Le film suit particulièrement Tao, une jeune danseuse, au moment où son petit ami Taisheng, un gardien de sécurité du parc, se laisse envoûter par une autre en secret. La méthode Jia a fait ses preuves, et il n’est pas vraiment neuf d’en faire l’apologie : virtuosité caressante des mouvements d’appareil, durée hypnotique des plans, précision du geste néoréaliste qui permet de transformer n’importe quelle scène anodine en ambitieuse exploration sociologique de la Chine contemporaine. Quelle avancée ici ? Aucune, sinon une manière assurée de prolonger un système bien défini : grâce au décor bien sûr, cocasse et visible par dessus tout mais que Jia, sans la moindre ironie facile, transmute en lieu immédiatement familier ; grâce à l’utilisation, enfin, de séquences d’animation illustrant l’envoi des SMS et annonçant rendez-vous inattendus, bifurcations et modulations en direct d’un récit porté par mille potentialités. Le virtuel, ici (du parc, des SMS), actualise sans cesse le réel, régissant, dirigeant, organisant personnages et désirs. Le message sur l’importance de ces espaces virtuels et le paradoxe contemporain d’une Chine travaillée en son creux par les vertiges de la mondialisation est assez exemplaire. S’y joue la force et la limite de The World : métaphore cristalline, oui, et après ? Retour aux plus archaïques fondements de la chronique et du mélodrame.

Le film part sur les chapeaux de roue, livre ses plus belle scènes dès son début : travelling dans les coulisses d’un théâtre où se préparent les danseuses, spectacle à la prodigieuse beauté artificielle, séquence surtout du départ à l’aéroport d’un ex de Tao passé une après-midi la voir dans le parc. S’il faiblit rarement, le rythme lent et envoûtant du film n’en demeure pas moins comme lancé sur des rails qui l’empêchent de se frotter à l’inattendu : la chronique se déplie en feuilleté, progresse en toute sérénité et impose rapidement ses limites. Voyez le passage sur la mort de l’attardé mental au chantier : rien de moins naturel, rien de plus anodin que ce passage sensé cibler les conditions de travail déplorables qui accompagnent la modernisation galopante de Pékin. Reste un talent en roue libre, celui de Jia à rebondir sans cesse par éclats (toujours une scène, un plan pour rattraper l’ensemble).

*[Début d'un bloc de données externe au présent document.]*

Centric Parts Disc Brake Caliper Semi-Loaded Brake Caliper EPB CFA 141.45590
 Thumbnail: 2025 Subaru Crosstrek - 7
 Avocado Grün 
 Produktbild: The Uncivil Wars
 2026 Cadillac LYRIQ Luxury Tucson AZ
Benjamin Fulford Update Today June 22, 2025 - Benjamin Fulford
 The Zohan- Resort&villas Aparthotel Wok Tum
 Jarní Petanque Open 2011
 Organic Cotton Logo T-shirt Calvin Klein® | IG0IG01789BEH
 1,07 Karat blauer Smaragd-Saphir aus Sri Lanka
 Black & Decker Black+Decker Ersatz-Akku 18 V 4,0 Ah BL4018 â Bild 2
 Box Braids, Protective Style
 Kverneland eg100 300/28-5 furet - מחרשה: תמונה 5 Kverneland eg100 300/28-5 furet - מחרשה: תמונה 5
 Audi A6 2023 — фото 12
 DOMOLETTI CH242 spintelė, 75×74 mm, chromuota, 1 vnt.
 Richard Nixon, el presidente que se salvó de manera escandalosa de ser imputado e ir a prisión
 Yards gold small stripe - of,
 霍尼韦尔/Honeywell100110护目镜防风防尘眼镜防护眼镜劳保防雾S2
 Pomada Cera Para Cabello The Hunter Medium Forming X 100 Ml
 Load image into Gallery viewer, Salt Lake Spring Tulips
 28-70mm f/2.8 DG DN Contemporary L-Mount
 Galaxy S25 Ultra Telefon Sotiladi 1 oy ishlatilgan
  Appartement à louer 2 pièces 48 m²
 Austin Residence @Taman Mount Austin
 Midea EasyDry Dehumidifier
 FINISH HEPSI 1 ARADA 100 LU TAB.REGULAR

Rien n’empêche cependant de penser que le mouvement même du film, transformation d’un formidable personnage de cinéma (Tao, si mystérieuse durant la première partie) en petite Cosette de gris mélodrame (la dernière partie un peu complaisante) annonce une baisse de régime plus large. Jia, artiste de la marge, vers l’académisme et l’embourgeoisement qui ont englouti tant de cinéastes chinois avant lui ? Réponse bientôt.